Segment Open

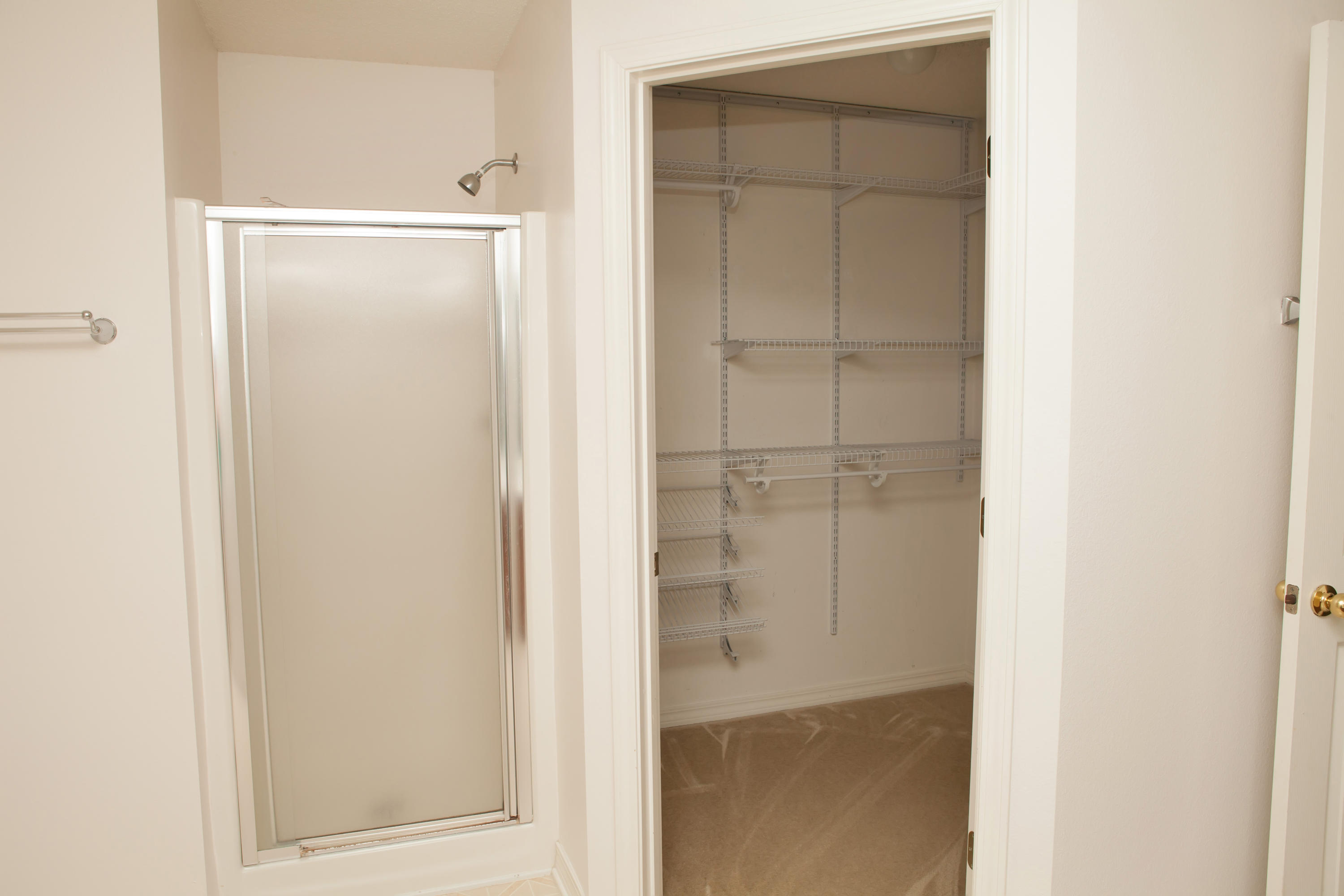 CREETWOODS - Residential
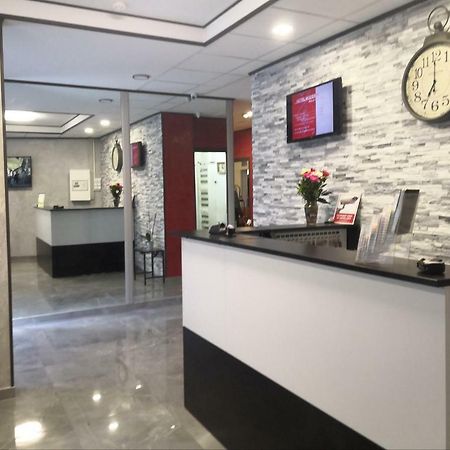 סן-דני Hotel Moderne מראה חיצוני תמונה
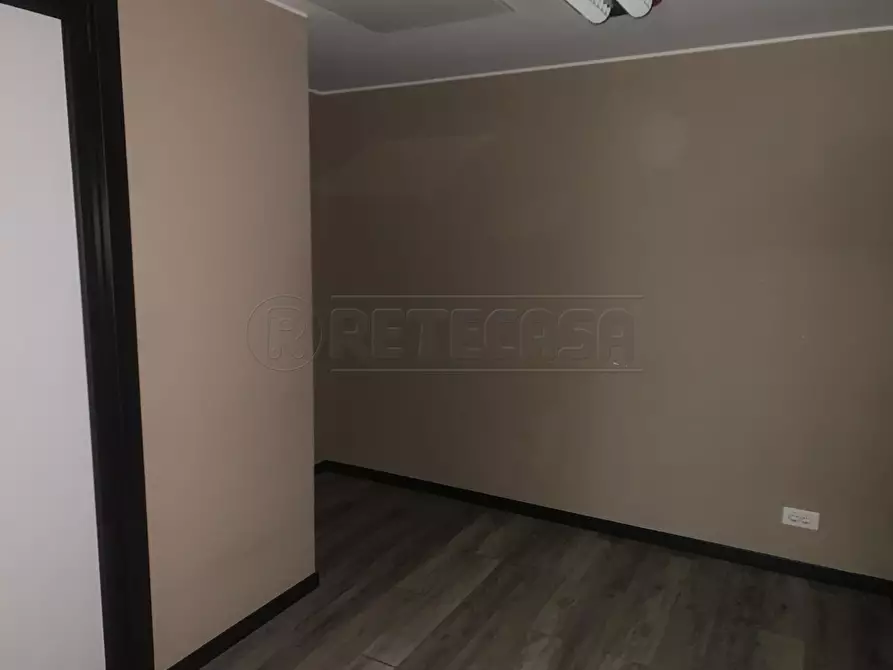 Immagine 30 di Ufficio in vendita  a Seriate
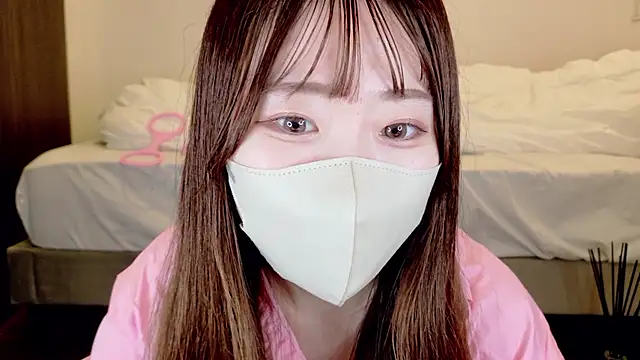 Snapshot of yura_ra_ra chatting on June 2, 1:24 pm yura ra ra online show from June 2, 1:24 pm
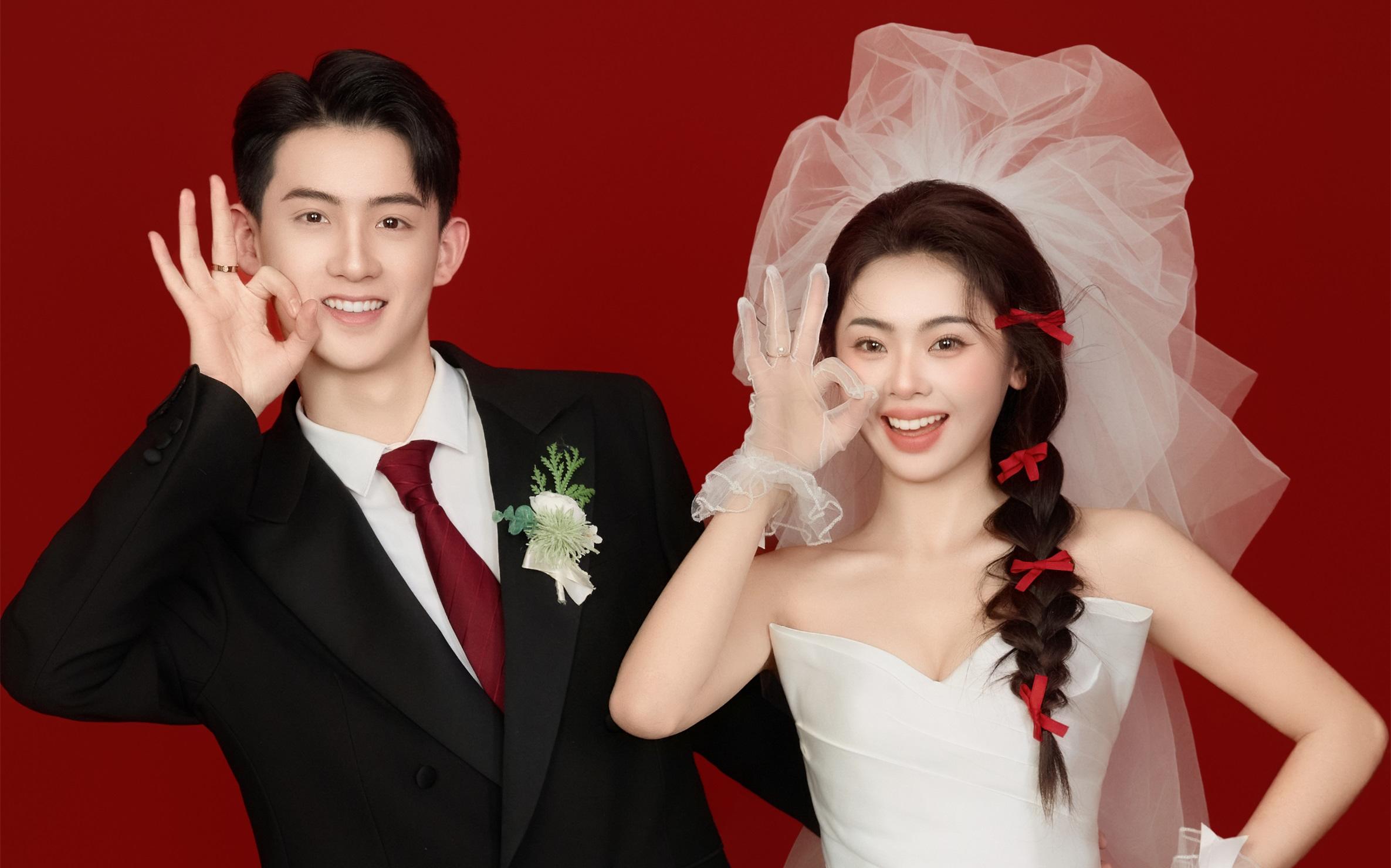 迎賓海報選了紅色輕復古婚紗照??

Segment Closed

▸ **Prompt**
Without the pictures, copy out all the records above exactly.

▸ **Reply to the task**
 CREETWOODS - Residential
 סן-דני Hotel Moderne מראה חיצוני תמונה
 Immagine 30 di Ufficio in vendita  a Seriate
 Snapshot of yura_ra_ra chatting on June 2, 1:24 pm yura ra ra online show from June 2, 1:24 pm
 迎賓海報選了紅色輕復古婚紗照??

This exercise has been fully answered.